Prisons and Jails: An analysis of the United States Criminal Justice System
The United States criminal justice system is perhaps one of the most notorious in the world. Hollywood is often apportioned blame for this notoriety due to the common depiction in films. The intricacies of the justice system, however, are not always as depicted the biggest film industry in the world.
The United States being a federal country consists of two levels of justice; the state and the federal. Notably, these two court levels co-exist peacefully to form what is the United States justice system. The mandate of both courts is to control and prevent crime while providing and maintaining justice. The level of court that an alleged offender is tried in depends on the state or federal law that is supposedly violated.

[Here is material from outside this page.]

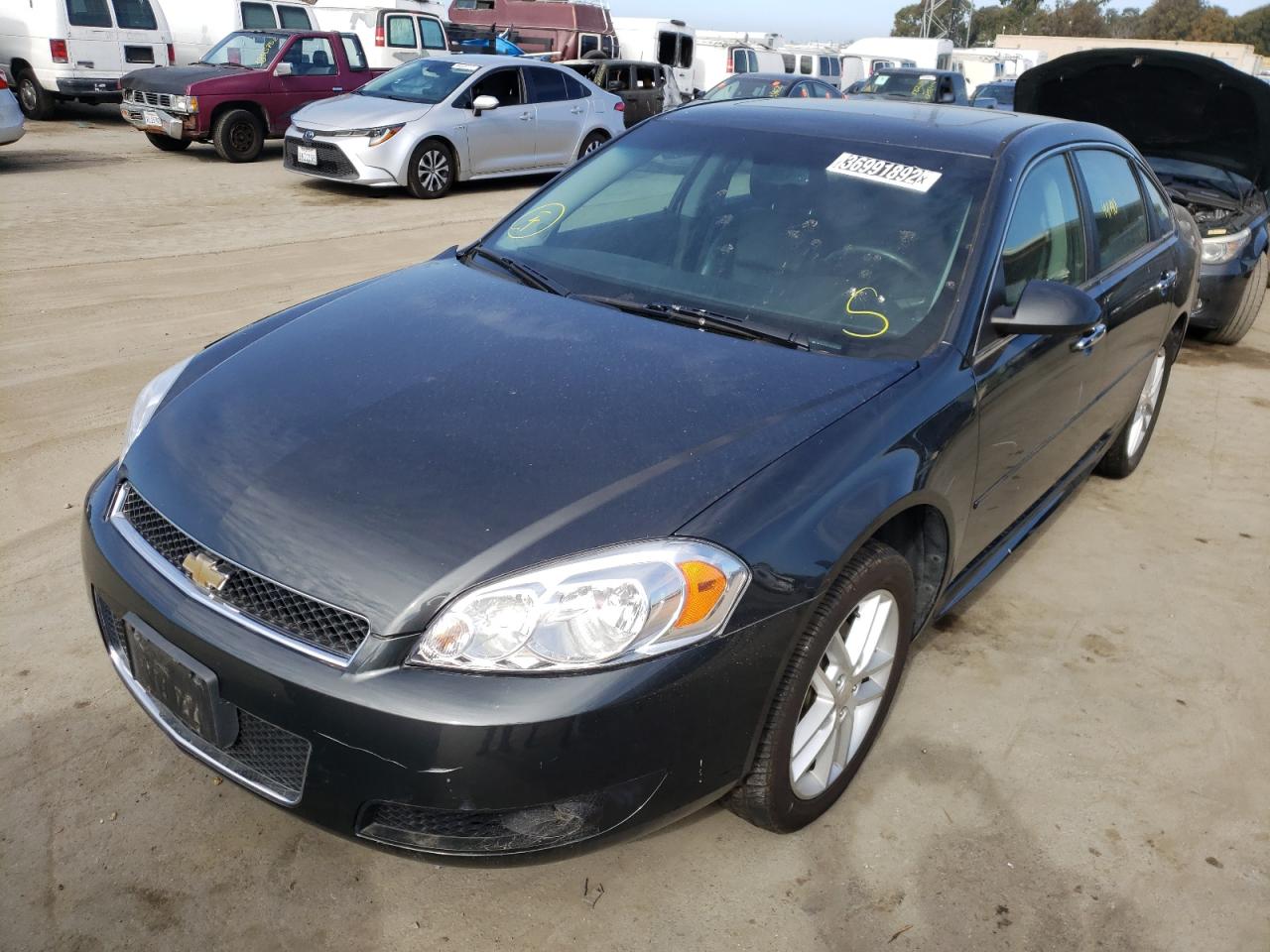 Photo 2 from auction – 2013 CHEVROLET IMPALA LTZ with VIN 2G1WC5E38D1122366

As in other justice systems in the world, in the court trials are either criminal or civil. In a criminal trial, the government prosecutes an individual or group of people while civil trials involved disputes between two parties. To demystify the fascination with the Hollywood depiction of the justice system, Gaines and Miller (2010) argue that the United States operates under a ‘wedding cake’ model. This model postulates that the courts have discretion to assign importance to particular cases. More often than not, the preferential cases not involve celebrities who form the topmost tier of the aforementioned model of justice.
Prisons and jails are an integral part of the United States justice system. They are the centres that separate offenders and society. Though the media and the public often use the two terms interchangeably and both are correctional facilities, jails and prisons are distinguishable by several factors. Jails are heterogeneous in nature often housing convicted and yet to be convicted men and women, adults and juveniles, within the same facility. The turnover in jails is relatively high due to the fact that inmates are held here for shorter incarceration periods, usually for lesser crimes. On the other hand further prisons are incarceration centres for convicted offenders who are sentenced to serve more than one year. Like the governance system, the prison system has state and federal levels.
Despite the differences, one commonality between jails and prisons is that the majority of people sentenced to these correctional institutions by the courts are black and other ethnic minorities like Latinos. This is one reality that Hollywood has always gotten right.